BUNGA, imbal hasil, atau yield surat utang Indonesia masih memegang record sebagai yang termahal di antara enam negara di ASEAN (ASEAN-6).
Untuk surat utang bertenor 10 tahun, pemerintah Indonesia memberikan yield 7,89%. Sementara pemerintah Filipina hanya 3,5%, Vietnam 3,05%, Malaysia 2,87%, Thailand 1,18%, dan Singapura 0,9%.
Artinya Indonesia adalah negara yang paling royal kepada investor pasar uang. Pertanyaannya, apakah ini wajar? Bila berdasarkan peringkat utang (credit rating), yang mengukur resiko pengembalian utang suatu negara, pemerintah Indonesia bukan yang paling beresiko.
Yang paling beresiko, sehingga diberikan credit rating paling rendah (berdasarkan lembaga Moody’s) adalah Vietnam, di Baa3 –masuk sebagai speculative grade.
Indonesia dan Filipina memiliki peringkat utang yang sama, Baa2 –medium grade. Thailand sedikit di atas, Baa1 –medium grade.
Malaysia diperingkat lebih baik lagi, A3 –upper medium grade, dan Singapura adalah peringkat yang terbaik, Aaa –highest quality.
Mengapa Vietnam sebagai negara yang paling beresiko dalam pengembalian utang dapat memberikan yield surat utang lebih murah dari Indonesia?
Atau kenapa Filipina yang sama resiko kreditnya dengan Indonesia dapat memberikan yield surat utang juga lebih murah Indonesia?
Logikanya, semakin beresiko suatu negara, investor dikompensasi dengan yield semakin mahal. Tapi ini tidak terjadi kepada kasus Indonesia dengan Vietnam atau dengan Filipina.
Ada yang bilang besaran yield ini tergantung kebijakan bank sentral masing-masing negara.
Karena Kementerian Keuangan Indonesia merumuskan besaran kupon (bunga yang pembayarannya diberikan secara periodik dalam 6 bulan atau 1 tahun) dihitung dari suku bunga Bank Indonesia ditambahkan spread tetap.

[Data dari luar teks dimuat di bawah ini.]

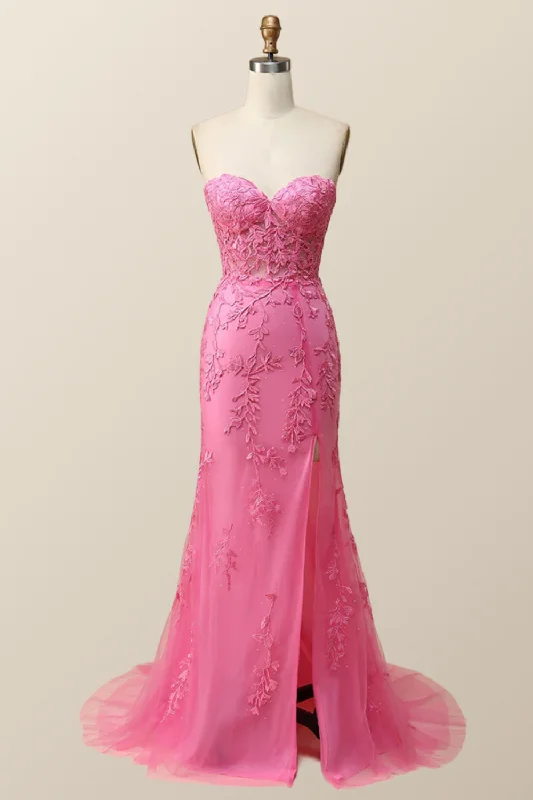 Limited Availability knit dressStrapless Hot Pink Lace Mermaid Long Prom Dress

Baik, coba kita periksa suku bunga acuan bank sentral masing-masing negara ASEAN-6. Ternyata faktanya tidak juga.
Diurutkan dari suku bunga bank sentral yang tertinggi hingga terendah: Vietnam 5%, Indonesia 4,5%, Filipina 2,75%, Malaysia 2,5%, Singapura 1,26%, dan Thailand 0,75%.
Ada 2 negara, Vietnam dan Singapura, yang dapat memberikan yield surat utang yang besarnya di bawah suku bunga bank sentral masing-masing negara.
Lalu mau membandingkan apa lagi? GDP per Kapita? GDP per Kapita Indonesia (USD 4.160) masih di atas Filipina (USD 3.400) dan Vietnam (USD 2.185). Tetapi memang di bawah Thailand (USD 6.600), Malaysia (USD 12.800), dan Singapura.
Bila dibandingkan dengan Vietnam dan Filipina saja, apa wajar negara yang lebih makmur memberikan yield surat utang lebih mahal dari negara yang kurang makmur? Jelas tidak masuk ke dalam logika.
Semua perbandingan, dari credit rating, central bank rate, hingga GDP per Kapita, menunjukkan besar yield surat utang Indonesia tidak wajar di antara negara ASEAN-6.
Seharusnya Indonesia memiliki yield surat utang yang lebih murah dari Vietnam dan setara dengan Filipina. Namun faktanya yield yang diberikan Indonesia lebih mahal 3-4% di atas kedua negara tersebut.
Selisih 1% saja dalam perhitungan bunga surat utang sangatlah besar, bisa rugi puluhan triliun rupiah, dan kelak ditanggung oleh anak cucu Bangsa Indonesia hingga puluhan tahun ke depan.
Menilik besarnya potensi kerugian, wajar kiranya bila orang menjadi bertanya-tanya, apakah terdapat moral hazard di sini?
Apakah ada “main mata” antara Pemerintah dengan para manajer investasi? Apakah ada unsur kick back kepada pengambil kebijakan di pemerintah Indonesia, di balik tingginya yield surat utang? Hanya aparat hukum yang dapat menjawabnya.